Apologies for the long reply which somewhat shifts off-topic. Please pick from it any insight of use to you.

Kind regards,
Niels Lancel

P.s.:
I almost forgot to mention, the website schema.org is a confusing mess. Just finding this mailing list was a challenge, navigating between obolete google docs and such. There is also a w3.org page, which seems to have no practical use at this time.

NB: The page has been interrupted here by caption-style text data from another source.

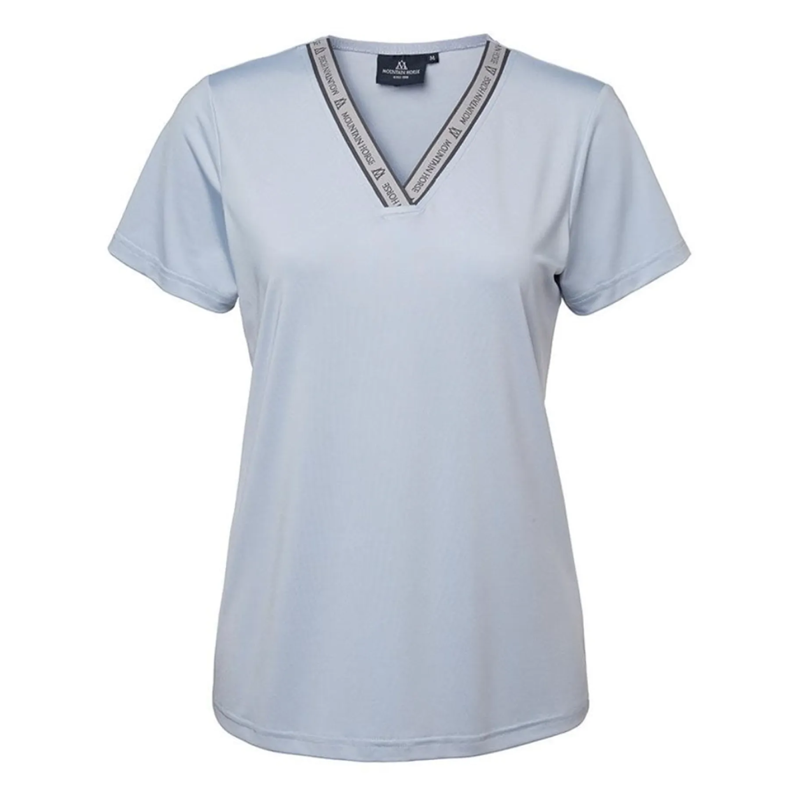 Mountain Horse Ladies Active Stripe Tech Tee - Blue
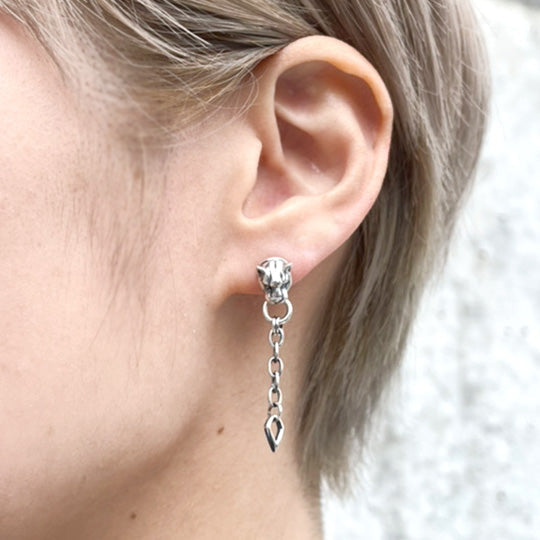 Bizarre/ビザール フレグランスドパンサー2wayロングシルバー豹メンズピアス (1個売り) SPP055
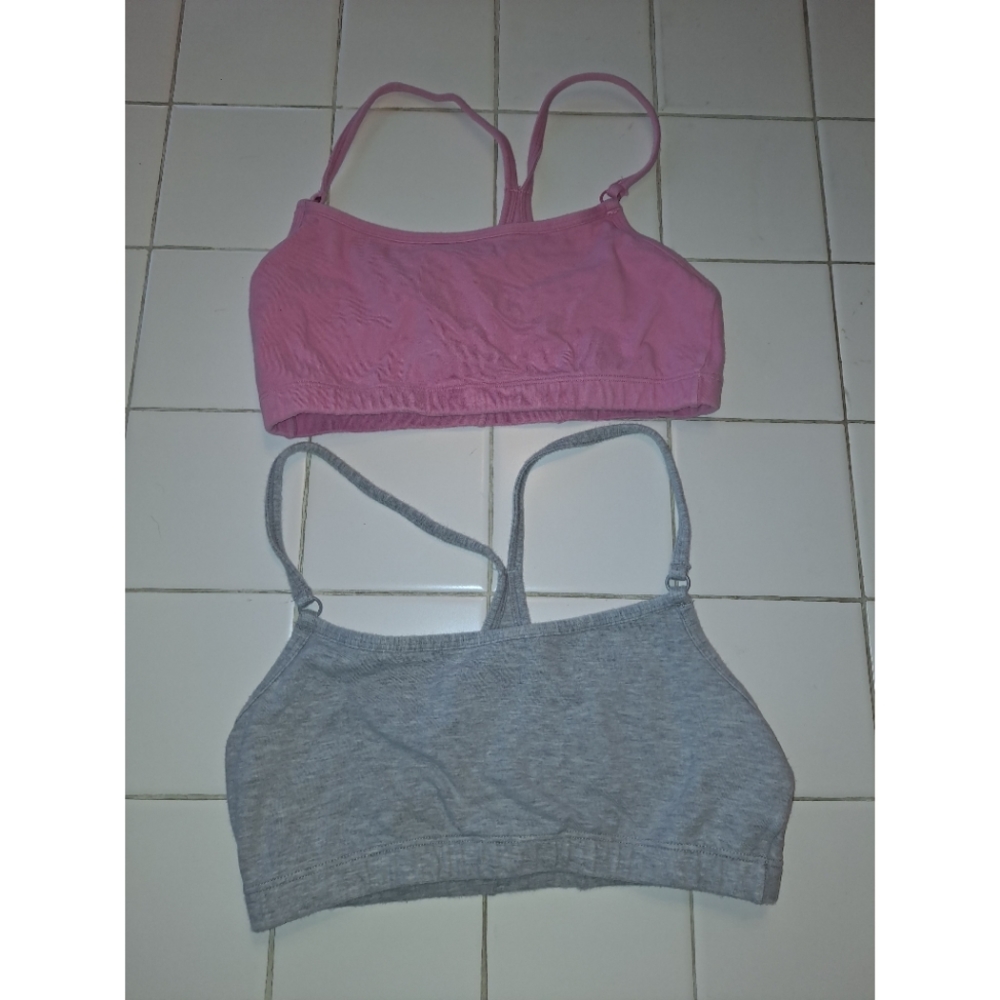 Fruit of the Loom two sports bra racerback spaghetti strap size medium gray pink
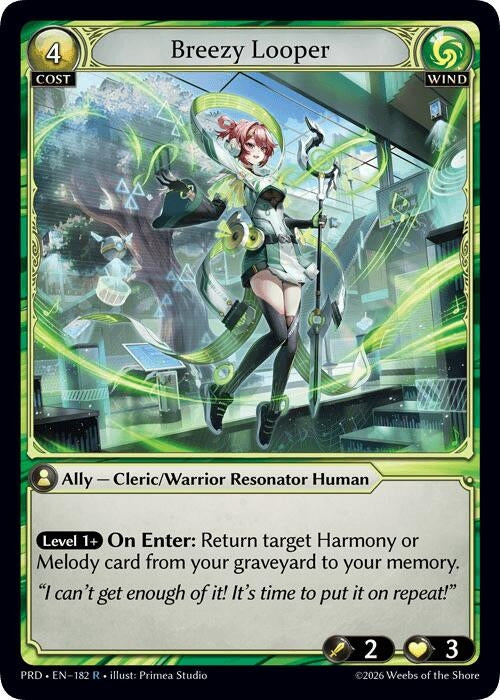 Image for Breezy Looper (182) (.asphodel/paradise) (PRD) - Grand Archive TCG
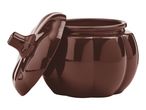 Brown ceramic pumpkin-shaped pot with a lid, angled to show the opening.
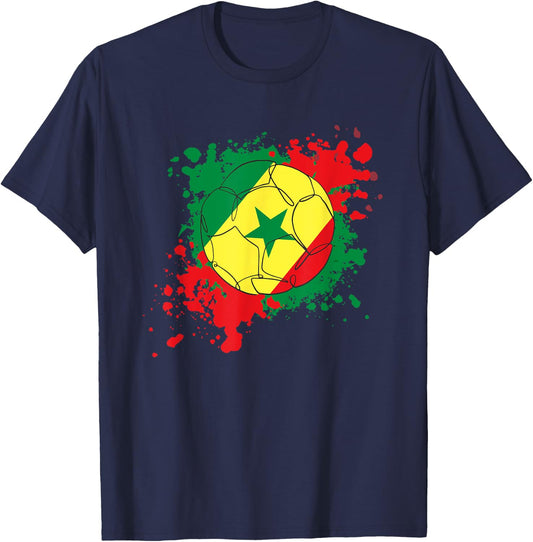 Soccer Ball With The Flag Of Senegal T-Shirt - T-Shirt | Navy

The documentation is a list of accumulated documents in no particulair order or structure...

I can go on with this but I hope I have been able to provide a new persepective by now.



On June 16, 2018 7:27:38 AM GMT+02:00, Michael Andrews <nextcontent01@gmail.com> wrote:
>Hello,
>
>
>I’m inviting discussion about how to improve understanding and
>application
>of schema.org more widely.  This thread is a fork of a long comment I
>made
>earlier, which some felt deserved a dedicated thread.  I won’t repeat
>all
>the points I made before, but you can read them here:
>https://lists.w3.org/Archives/Public/public-schemaorg/2018Jun/0102.html
>
>
>Question 1: Can we improve general understanding of how the vocabulary
>works, especially for those who are not active on a weekly basis
>shaping
>its decisions?  Sometimes people find certain terminology confusing,
>and
>not self-describing.  Coverage of different entity types can vary, with
>some detailed and well-documented, and others not detailed or
>well-documented.  Can the current terminology be improved or
>rationalized
>in a non-disruptive way?  Should nomenclature used in creating terms or
>definitions be standardized, or defined by a common dictionary of
>definitions?  Can the documentation be improved to reduce ambiguities,
>provide better guidance in the absence of examples, provide best
>practices
>for quality, and help new users understand how pieces fit together to
>support novel applications?
>
>
>Question 2: Can we improve cross-domain application of schema.org, so
>that
>different types of entities can be compared?  Much of schema.org’s
>development has focused on the needs of sector- or domain-specific data
>users.  But many potential applications (voice interaction, learning,
>games) can take advantage of schema.org to compare shared properties of
>different kinds of entities, such as the speed of a machine verse an
>animal.
>To do that requires that properties be comparable across different
>entity
>types, which is sometimes difficult to take advantage of when
>properties
>are closely tied to specific entity types.    How can entity and
>property
>coverage or usage be improved to benefit general and comparative
>information description and application?
>
>
>I welcome your feedback on these questions.  Please feel to challenge
>any
>assumptions I’ve asserted that you don’t feel aren't accurate.